I have to toot my own horn a little today – my spring session of Introduction to Large Format Photography is sold out! I’m even adding three additional seats today to accommodate the folks who contacted me yesterday about registering. The class will cover the basics of how to use a large format camera. We’ll get an understanding of the camera itself – the various types of large format camera, the components of the camera, how to use it, and especially in this digital day and age, WHY to use it. To paraphrase Edward Weston’s comment about color photography: “There are things you can say in large format that you can’t say in anything smaller”. We’ll have specific lessons on film handling and processing for large format, portraiture, studio/tabletop photography, and architecture.

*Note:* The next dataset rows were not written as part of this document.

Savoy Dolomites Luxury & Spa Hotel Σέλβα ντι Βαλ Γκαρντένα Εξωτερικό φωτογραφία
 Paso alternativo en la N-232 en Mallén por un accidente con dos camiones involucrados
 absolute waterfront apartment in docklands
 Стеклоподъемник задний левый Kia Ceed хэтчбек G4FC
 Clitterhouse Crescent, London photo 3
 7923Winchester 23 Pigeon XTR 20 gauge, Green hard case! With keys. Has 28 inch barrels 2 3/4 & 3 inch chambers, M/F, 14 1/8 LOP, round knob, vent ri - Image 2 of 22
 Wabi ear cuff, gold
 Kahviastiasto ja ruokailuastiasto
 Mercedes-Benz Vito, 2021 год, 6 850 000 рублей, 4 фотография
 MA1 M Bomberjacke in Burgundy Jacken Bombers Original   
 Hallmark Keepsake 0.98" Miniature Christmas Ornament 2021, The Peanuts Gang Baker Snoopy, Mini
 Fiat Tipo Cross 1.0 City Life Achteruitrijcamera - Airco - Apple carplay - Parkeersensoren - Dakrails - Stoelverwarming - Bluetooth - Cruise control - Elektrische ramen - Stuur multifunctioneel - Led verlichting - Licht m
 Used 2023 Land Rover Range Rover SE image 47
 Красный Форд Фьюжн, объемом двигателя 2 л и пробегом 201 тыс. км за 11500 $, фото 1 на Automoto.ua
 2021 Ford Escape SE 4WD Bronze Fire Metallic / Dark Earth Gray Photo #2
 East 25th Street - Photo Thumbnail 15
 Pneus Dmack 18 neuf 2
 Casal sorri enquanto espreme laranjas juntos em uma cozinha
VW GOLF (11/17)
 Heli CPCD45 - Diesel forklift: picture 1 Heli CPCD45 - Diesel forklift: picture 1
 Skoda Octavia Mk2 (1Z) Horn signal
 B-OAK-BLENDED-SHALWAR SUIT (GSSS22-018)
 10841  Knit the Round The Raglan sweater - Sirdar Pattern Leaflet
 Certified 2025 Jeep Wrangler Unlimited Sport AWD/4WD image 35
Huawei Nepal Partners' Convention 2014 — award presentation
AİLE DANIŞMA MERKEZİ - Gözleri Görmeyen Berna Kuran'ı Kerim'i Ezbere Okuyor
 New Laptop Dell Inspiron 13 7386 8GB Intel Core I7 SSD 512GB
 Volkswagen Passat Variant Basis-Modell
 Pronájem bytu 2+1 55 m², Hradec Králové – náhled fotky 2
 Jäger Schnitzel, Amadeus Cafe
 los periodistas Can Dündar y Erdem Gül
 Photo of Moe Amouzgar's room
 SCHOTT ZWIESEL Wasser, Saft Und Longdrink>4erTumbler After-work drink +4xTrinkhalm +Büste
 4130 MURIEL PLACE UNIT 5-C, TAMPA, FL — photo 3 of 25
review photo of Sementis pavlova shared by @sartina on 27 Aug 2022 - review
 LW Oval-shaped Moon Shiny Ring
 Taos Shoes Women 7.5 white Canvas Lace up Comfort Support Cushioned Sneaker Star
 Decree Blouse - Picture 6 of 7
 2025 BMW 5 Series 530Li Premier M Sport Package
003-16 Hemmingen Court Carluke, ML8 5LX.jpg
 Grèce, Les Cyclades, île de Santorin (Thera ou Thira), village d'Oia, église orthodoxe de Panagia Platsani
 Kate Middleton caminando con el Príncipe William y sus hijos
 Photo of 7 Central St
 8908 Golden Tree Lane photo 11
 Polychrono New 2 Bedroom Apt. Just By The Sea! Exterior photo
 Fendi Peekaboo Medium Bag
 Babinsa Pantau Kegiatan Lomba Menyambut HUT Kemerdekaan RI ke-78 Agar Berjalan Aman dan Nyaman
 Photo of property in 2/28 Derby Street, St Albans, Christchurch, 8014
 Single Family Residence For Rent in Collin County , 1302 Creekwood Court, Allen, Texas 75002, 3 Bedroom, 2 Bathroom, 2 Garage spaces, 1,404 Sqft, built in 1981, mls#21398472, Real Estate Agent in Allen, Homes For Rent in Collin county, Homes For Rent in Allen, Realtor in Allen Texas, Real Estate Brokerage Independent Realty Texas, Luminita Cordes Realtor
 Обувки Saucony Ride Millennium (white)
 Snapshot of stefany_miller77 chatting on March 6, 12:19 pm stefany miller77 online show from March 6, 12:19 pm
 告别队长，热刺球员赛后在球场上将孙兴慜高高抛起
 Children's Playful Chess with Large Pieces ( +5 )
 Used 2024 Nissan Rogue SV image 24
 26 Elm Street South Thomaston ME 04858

I teach at Photoworks Glen Echo, a non-profit photography education center in Glen Echo Park, which is operated by the National Park Service. Glen Echo Park is a former amusement park a few miles away from downtown DC in Glen Echo, Maryland on the banks of the Potomac River. Originally envisioned as a suburban housing development for the elite of Washington at the end of the 19th century, the only resident to ever build and take up residence was Clara Barton. It became a Chataqua meeting center, and then in the early years of the 20th century, an amusement park. It rose to its peak by being at the terminus of a street car line running out from Georgetown (a neighborhood in DC and formerly a separate incorporated city in itself). The park endured changing demographics and evolving tastes, but closed up shop in 1970. The US Park Service took over and converted it into a community art center where people can come to learn pottery, glassblowing, cast and fused glass, stone carving, photography, painting. There is a children’s dance theater and puppet theater, and the 1902 Spanish Ballroom has square, contra, ballroom, and swing dancing events practically every night of the week. The centerpiece of the park is now and has been since its installation in the 1920s, the Dentzel Carousel which is freshly restored and fully operational. The carousel offers rides daily from May to October.
Photoworks is the photography center, located in the Main Arcade building. This year marks their 40th anniversary. They offer a full range of classes from introductory photography for children and teens to advanced classes on topics such as The Long-Term Photo Project, iPhone Fun (getting the most of mobile device photography), Photographic Editing and Presentation, and Platinum/Palladium Printing. Photoworks has a full wet darkroom for film processing and black-and-white printing up to 16×20 inches, a fully equipped digital darkroom with Macintosh workstations, Epson flatbed scanner and Nikon 35mm dedicated film scanner, and Epson printers for up to 24″ wide prints.